The challenge of radical support
Of course, this meaning-making together implies the church needs to gather. How’s that possible in a gig economy, shift work, poorly paid jobs demanding all the hours God sends? We’re talking about real distribution of goods, wealth, food and time here – so we shape communities where people are not effectively economic slaves. We declare, prophetically, ‘freedom,’ and act accordingly. That takes sacrifice, time, graft and a radical rethink of economic individualism. We ensure that no one in our community goes hungry. This is a call to radical community as seen in Acts 2 and other places.
But, there’s the question of who decides the way we speak when we do gather? A challenge to the church is that the rules of engagement almost always have been settled somewhere else. There’s an assumed procedure and tone of voice for decision making: a ‘normal’ way of speaking, listening, communicating truth. There’s an assumed key for singing, and type of song (hymns, anyone? Soft rock?).
The values-in-ascendancy in a lot of churches seem to be largely co-equivalent to being middle-class. Niceness rules. What if it doesn’t?
What if we’re allowed to be passionate in communication in a whole different order?
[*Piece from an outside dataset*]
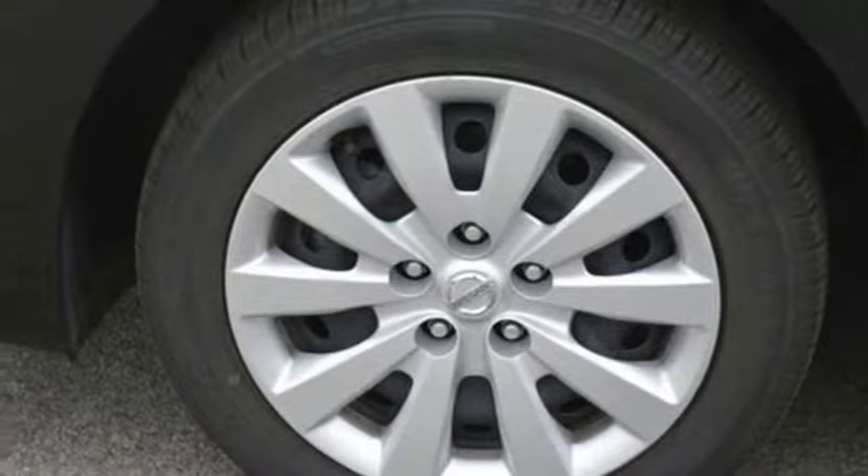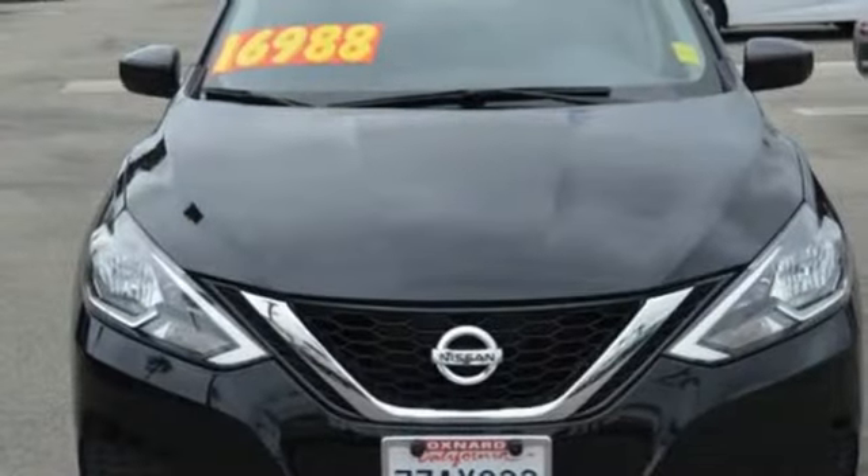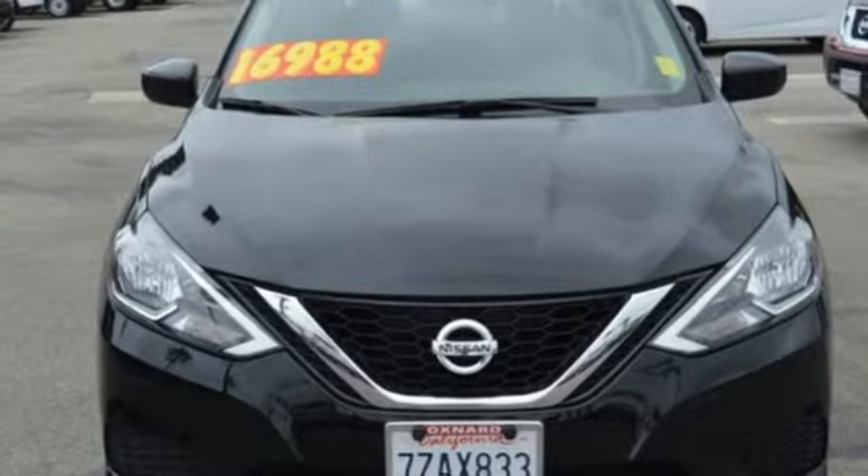Nissan excites the senses. If you've been waiting for the perfect time for a test drive, the time is now. Experience it today.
What if jokes are different? The anger is different? The honesty is different? The rhythm is different? What if the cultural navigation is mutual – and the middle-class congregant with the working-class vicar has to learn a mode of speech that’s not just, well, middle class? What if the intrinsic worth of the PERSON communicating, or worshipping, or preaching, or praying, or making a point in a church meeting, is allowed to trump the way communication is occurring? What if we find modes and mechanisms for talking to each other about how to address and vanquish the calamity of poverty that transcend class and educational background or economic standard? This takes us into the book of James.
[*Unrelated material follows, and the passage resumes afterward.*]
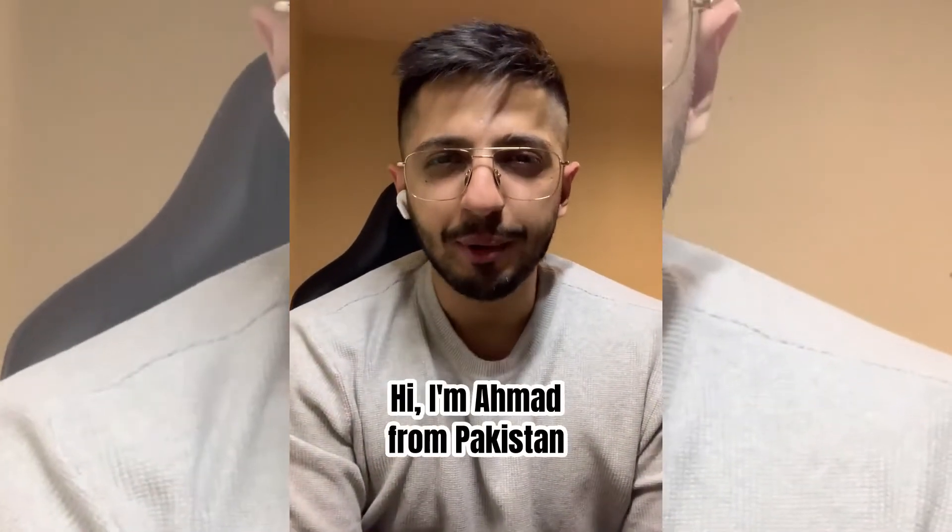Hi everyone, my name is Ahmed. I am an international student from Pakistan who has just finished his master's in management from the University of York, and today I will be telling you how I was able to manage my finances.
The challenge of how to see the world differently
To see the good things in places and amongst people of poverty. Reframing our line-of-sight so we spy the things God already does in communities amongst people experiencing poverty. The people of God amplify grace and speak it aloud. The church aligned with God-stuff: we see inherent worth in people– and where lives nudge people towards love-whose-name-is-God, we name it. So, we speak life and not death over places of poverty. We name the false gods we see. We support the leaning towards life that looks like aspiration. A bit like Acts 17.
For me, one of the challenges then, is for the theological life of the people of God, the church, to be crafted into a hopeful framework that enables transformation from poverty to wholeness. So we enhance the attributes of people skilled at crafting-life while poor, and help God’s people to learn to craft justice in opposition to those places where poverty brings death.
Revd Deirdre Brower Latz has pastored churches in urban Bristol and Manchester and is a lecturer in Pastoral and Social Theology at the Nazarene Theological College in Manchester. She is interested in issues of justice and transformation, urban realities and practices – all joined with an intense love of learning and theology.
She will be one of the speakers at the ‘Forgotten People, Forgotten Places’ conference in which Church Action on Poverty is a partner this summer.